→ **Work required**
The listing below is to be reproduced in full, exactly as given.

→ **Source material**

========

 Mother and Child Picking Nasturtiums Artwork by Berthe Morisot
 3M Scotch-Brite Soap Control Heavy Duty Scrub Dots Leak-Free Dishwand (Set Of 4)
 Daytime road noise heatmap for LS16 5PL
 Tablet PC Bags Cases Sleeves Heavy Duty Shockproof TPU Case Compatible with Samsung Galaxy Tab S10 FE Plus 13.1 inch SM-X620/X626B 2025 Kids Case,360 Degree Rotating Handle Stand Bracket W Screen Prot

========

→ **Completed exercise**
 Mother and Child Picking Nasturtiums Artwork by Berthe Morisot
 3M Scotch-Brite Soap Control Heavy Duty Scrub Dots Leak-Free Dishwand (Set Of 4)
 Daytime road noise heatmap for LS16 5PL
 Tablet PC Bags Cases Sleeves Heavy Duty Shockproof TPU Case Compatible with Samsung Galaxy Tab S10 FE Plus 13.1 inch SM-X620/X626B 2025 Kids Case,360 Degree Rotating Handle Stand Bracket W Screen Prot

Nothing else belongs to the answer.